As a society and a culture in general, we’ve massively lost an awareness of ourselves and those around us. Not everyone has… but the majority of people lack in this area (sorry but it’s true!). Appraisals, if they are done with respect, honesty and compassion, help build the awareness of the individual within their role. They become aware of their strengths and their current weaknesses in their role. They realise the impact that they PERSONALLY have on the business. Furthermore, they realise that any improvements regarding their performance is purely that; it’s not to do with their character; or a personal attack. If you are the employer in this scenario and you’re thinking “oh, but I always chat regularly to my staff and they can come to me with anything on their mind” then I ask you, with respect, to focus on your own awareness as well.

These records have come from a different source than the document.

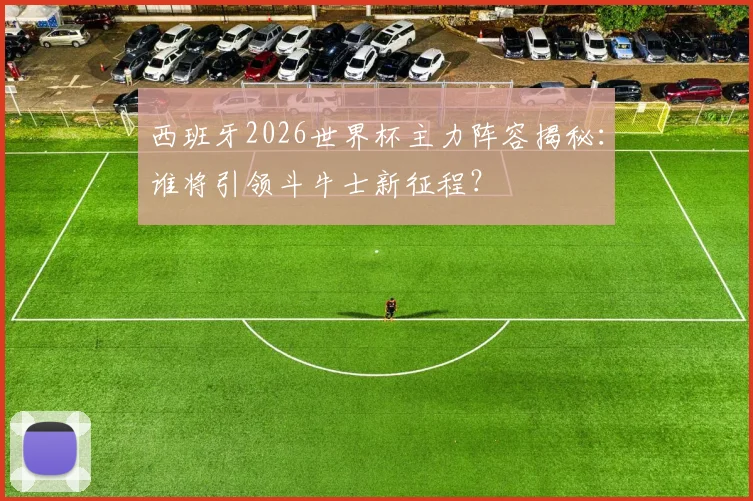 西班牙2026世界杯主力阵容揭秘：谁将引领斗牛士新征程？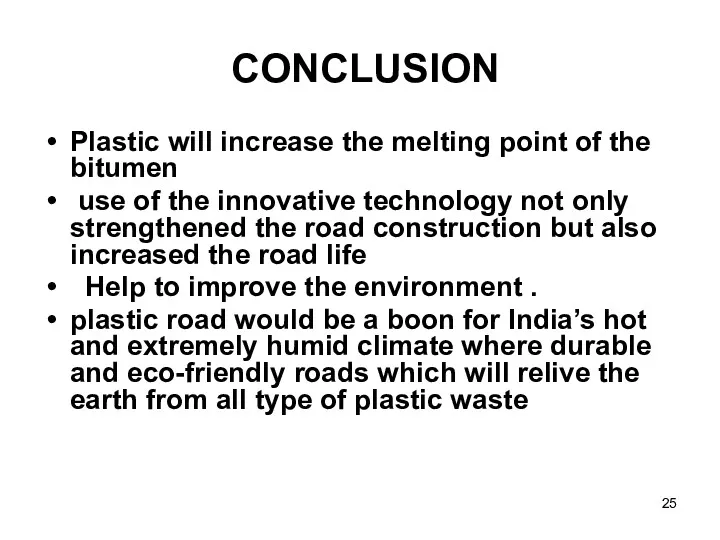 CONCLUSION Plastic will increase the melting point of the bitumen
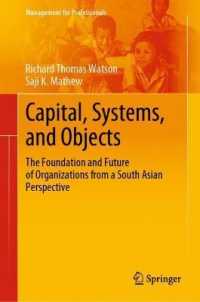 Capital, Systems, and Objects : The Foundation and Future of Organizations from a South Asian Perspective (Management for Professionals)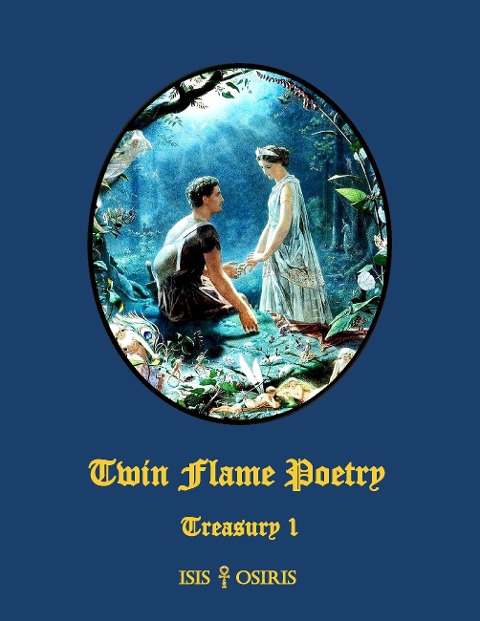 Twin Flame Poetry: Treasury 1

Obviously an appraisal can’t simply be telling someone how shit they are in their job. Or, on the other hand, biggin’ them up so much that they feel they can do no wrong. The more confidence someone has in themselves, the better they are at making decisions that are right for the company. Confidence doesn’t mean a big-headed arrogance, which is why it’s so important to discuss flaws and weaknesses. Giving employees accountability and ownership for their role means that they understand the importance of what they do and why they do it.
Oof. The word that a lot of employers dislike because they believe it comes hand in hand with a salary increase. Believe it or not, not everyone is out there for money. (How mad is that? Are you getting my sarcasm?) Believe it or not, most people love to learn. (That bit isn’t sarcastic…) We get so lost in a world of numbers that we forget that actually…for most people, especially your employees… it isn’t about that. If it was, they would have started their own business already. Of course, PLEASE ensure that the work responsibilities are symbiotic to the work salary. But if an individual wants to learn something new, let them. More often than not, it is beneficial for the company. And you may even come across talents that you didn’t even know were there. Appraisals open doors to many possibilities that, perhaps, you wouldn’t have even talked about.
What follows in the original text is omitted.